# BRIEF:
For every record beneath this instruction, give an exact repetition, omitting images.

Records from a dataset
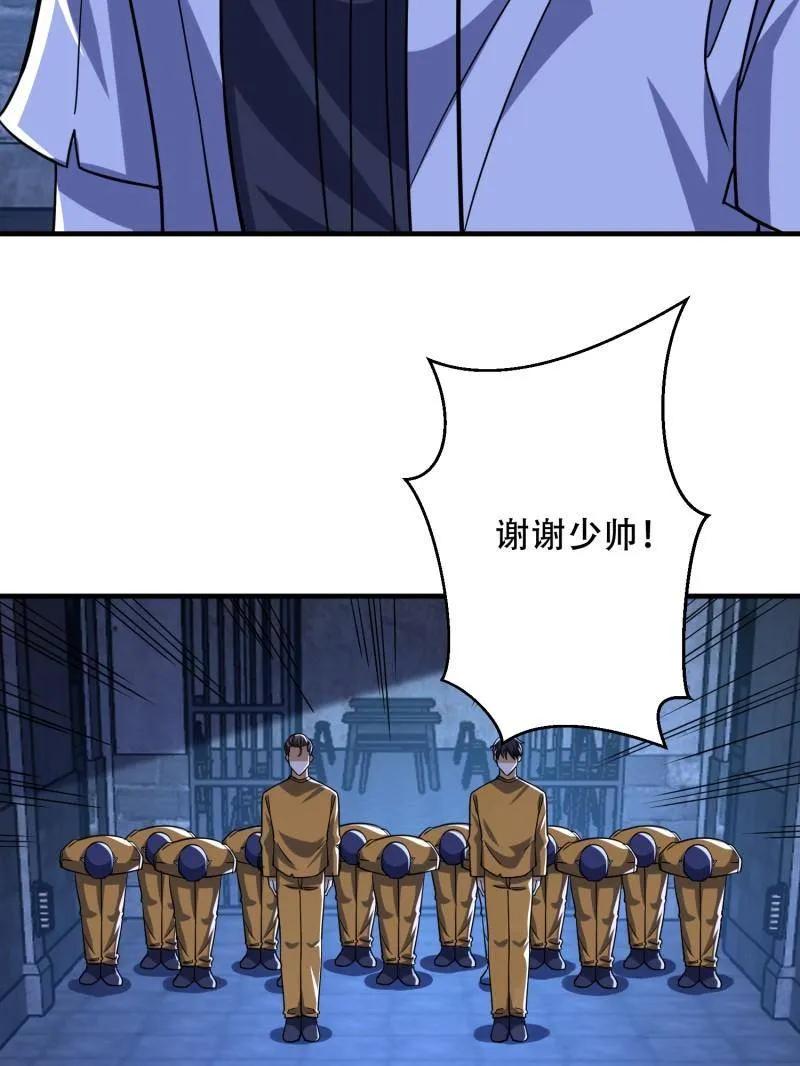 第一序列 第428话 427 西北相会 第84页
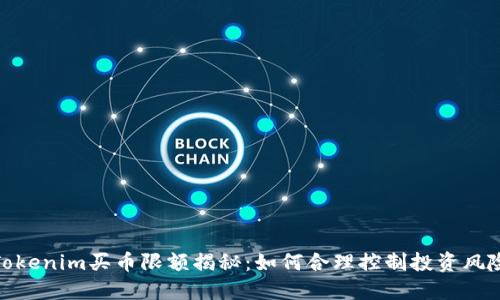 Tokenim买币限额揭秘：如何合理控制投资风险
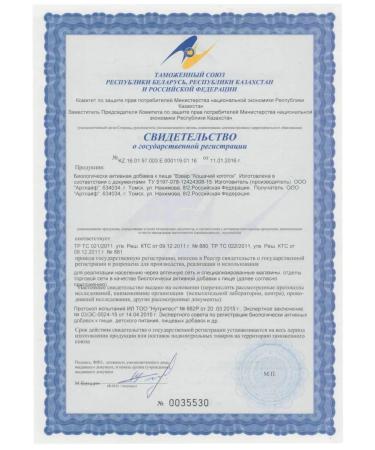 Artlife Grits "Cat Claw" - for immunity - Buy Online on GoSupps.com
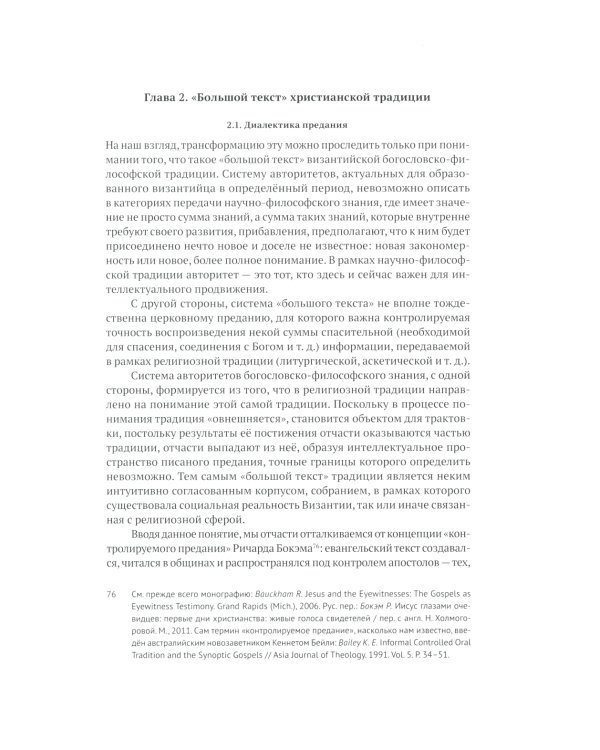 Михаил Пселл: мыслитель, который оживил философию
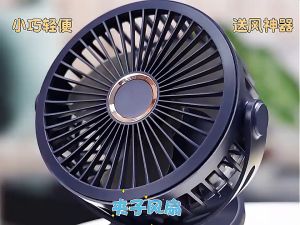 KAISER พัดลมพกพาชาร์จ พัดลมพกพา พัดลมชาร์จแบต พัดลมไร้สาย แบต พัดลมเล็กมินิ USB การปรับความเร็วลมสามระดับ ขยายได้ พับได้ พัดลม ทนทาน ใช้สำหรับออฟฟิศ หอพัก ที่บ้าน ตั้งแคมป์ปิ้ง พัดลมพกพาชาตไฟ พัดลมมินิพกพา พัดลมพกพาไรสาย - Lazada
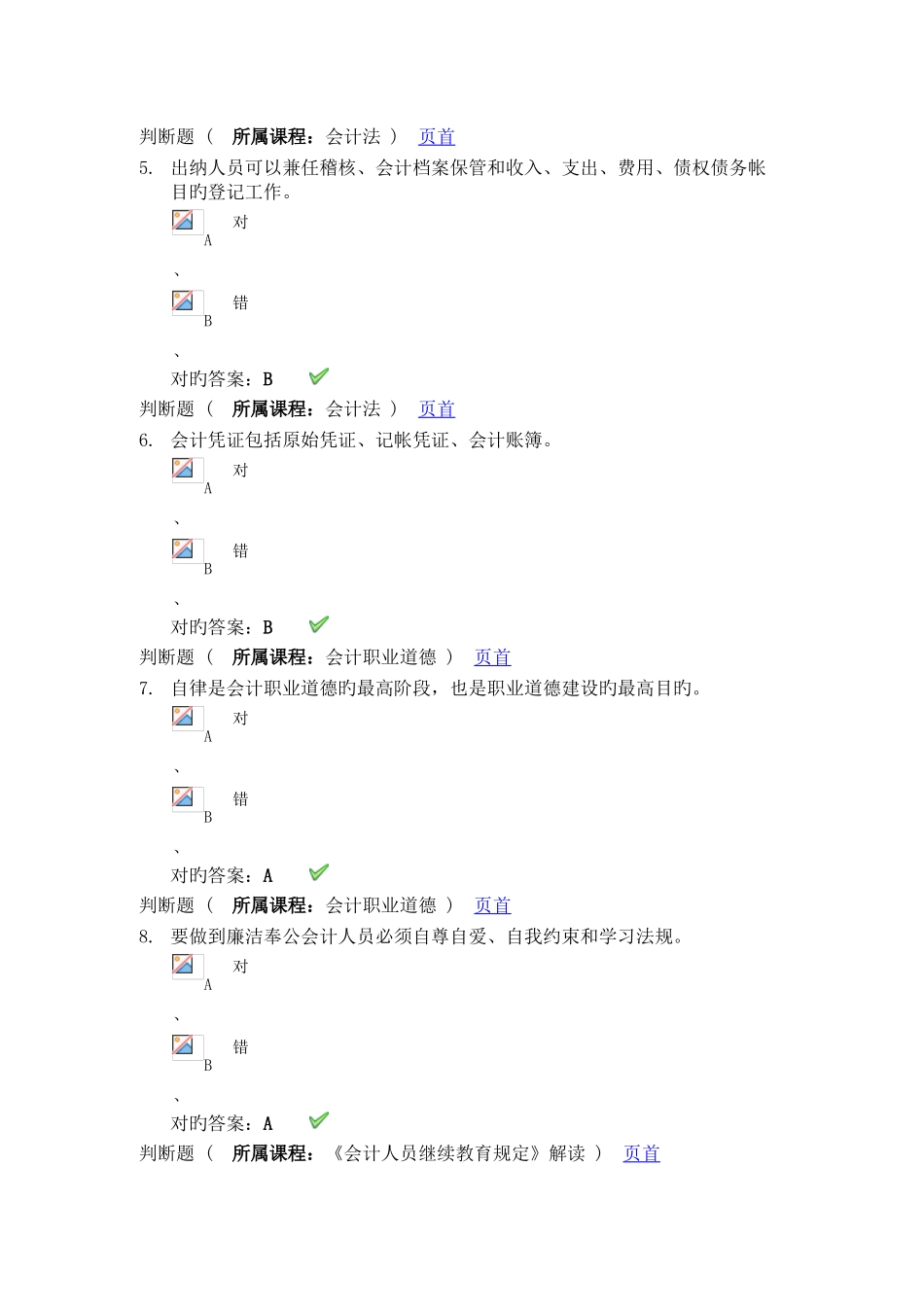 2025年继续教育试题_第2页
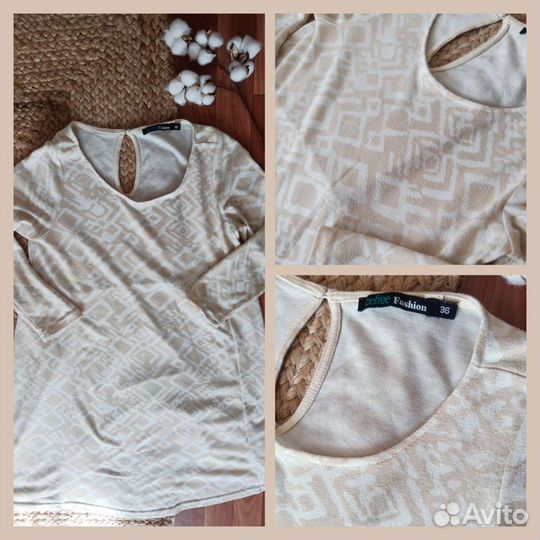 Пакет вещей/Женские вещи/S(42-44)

# EXERCISE ANSWER:
 第一序列 第428话 427 西北相会 第84页
 Tokenim买币限额揭秘：如何合理控制投资风险
 Artlife Grits "Cat Claw" - for immunity - Buy Online on GoSupps.com
 Михаил Пселл: мыслитель, который оживил философию
 KAISER พัดลมพกพาชาร์จ พัดลมพกพา พัดลมชาร์จแบต พัดลมไร้สาย แบต พัดลมเล็กมินิ USB การปรับความเร็วลมสามระดับ ขยายได้ พับได้ พัดลม ทนทาน ใช้สำหรับออฟฟิศ หอพัก ที่บ้าน ตั้งแคมป์ปิ้ง พัดลมพกพาชาตไฟ พัดลมมินิพกพา พัดลมพกพาไรสาย - Lazada
 2025年继续教育试题_第2页
 Пакет вещей/Женские вещи/S(42-44)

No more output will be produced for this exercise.